» **Exercise**
Below are entries to reproduce exactly, apart from their pictures.

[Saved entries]
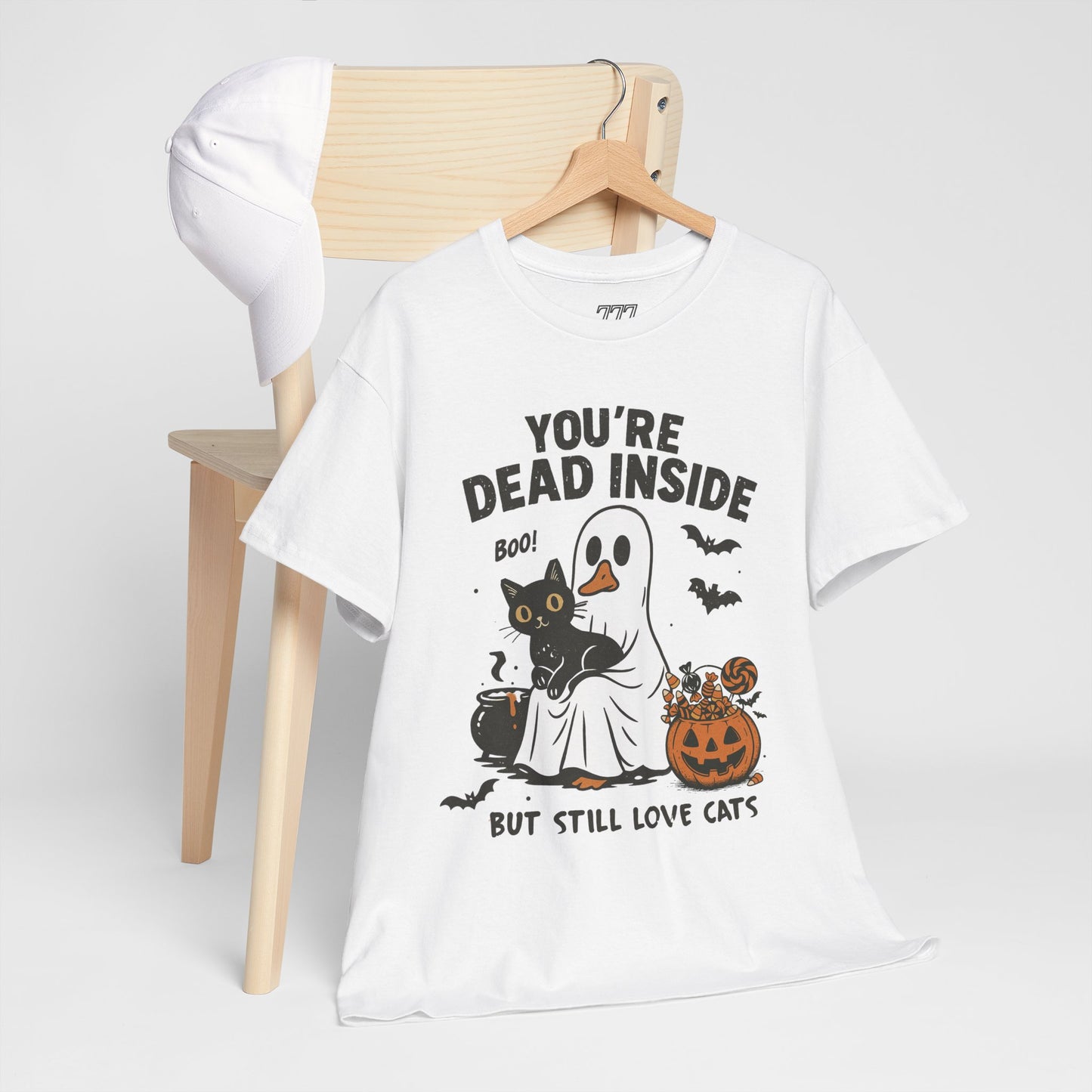 You're Dead Inside But Still Love Cats Unisex Heavy Cotton T-Shirt
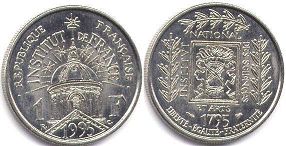 монета Франция 1 франк 1995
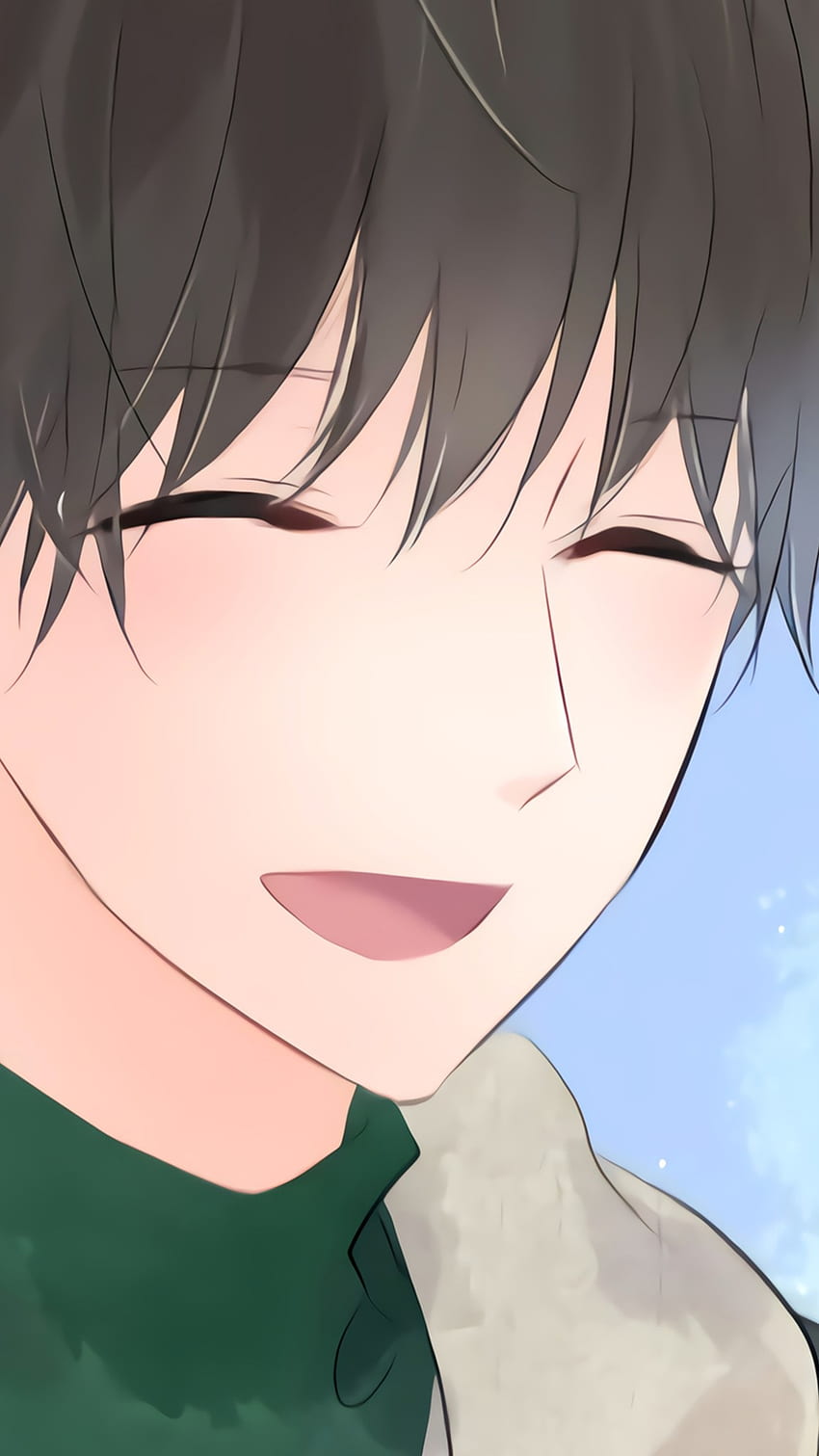 Smile03, 녹색, 파란색, anime_boy, 갈색, 소년, 애니메이션, 미소 HD 전화 배경 화면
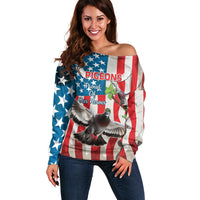 Personalized United States Pigeon Day Off Shoulder Sweater Proud Of Our Heroes Grunge Style - Wonder Print Shop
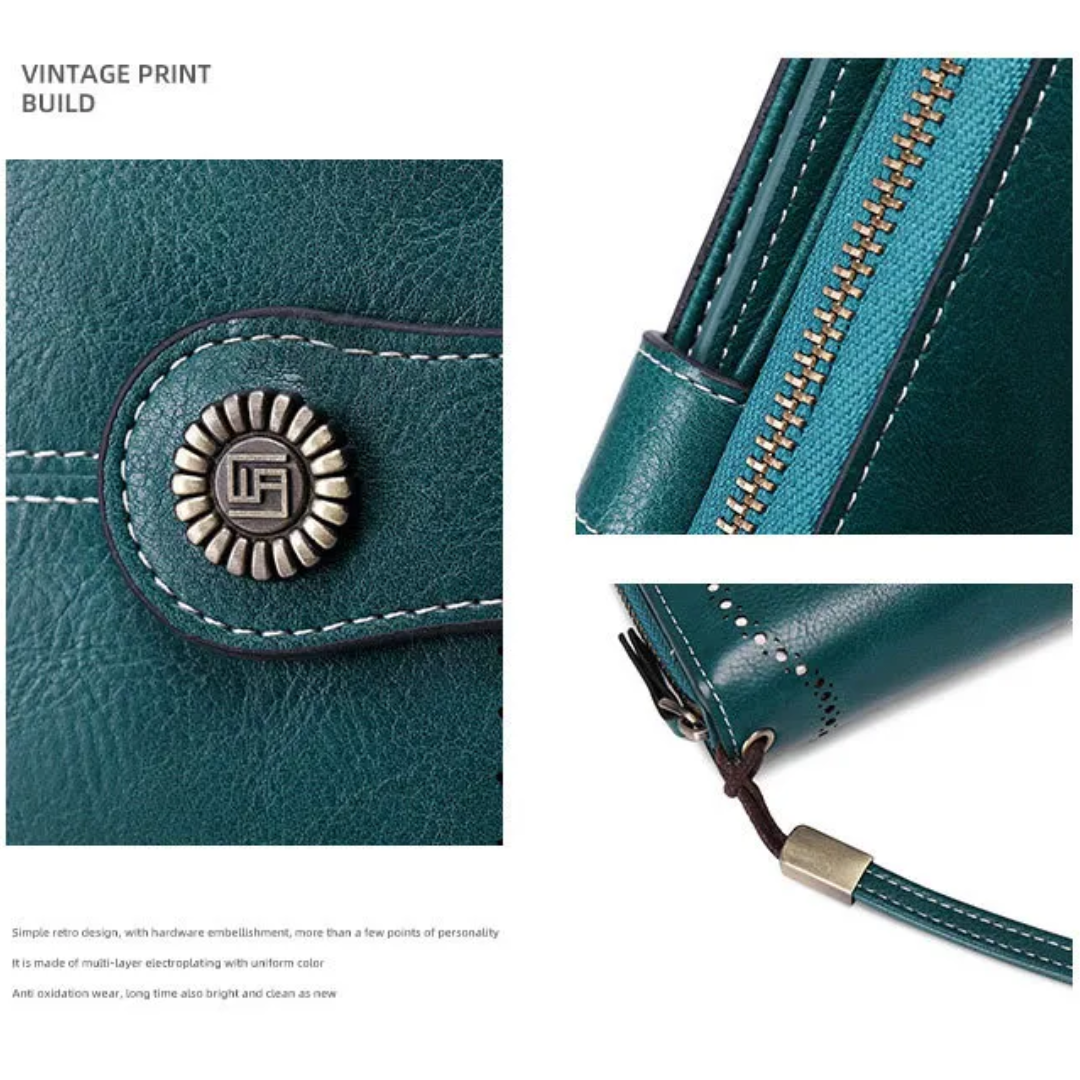 レザー財布（リストバンド付き）| 大容量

» **Written solution**
 You're Dead Inside But Still Love Cats Unisex Heavy Cotton T-Shirt
 монета Франция 1 франк 1995
 Smile03, 녹색, 파란색, anime_boy, 갈색, 소년, 애니메이션, 미소 HD 전화 배경 화면
 Personalized United States Pigeon Day Off Shoulder Sweater Proud Of Our Heroes Grunge Style - Wonder Print Shop
 レザー財布（リストバンド付き）| 大容量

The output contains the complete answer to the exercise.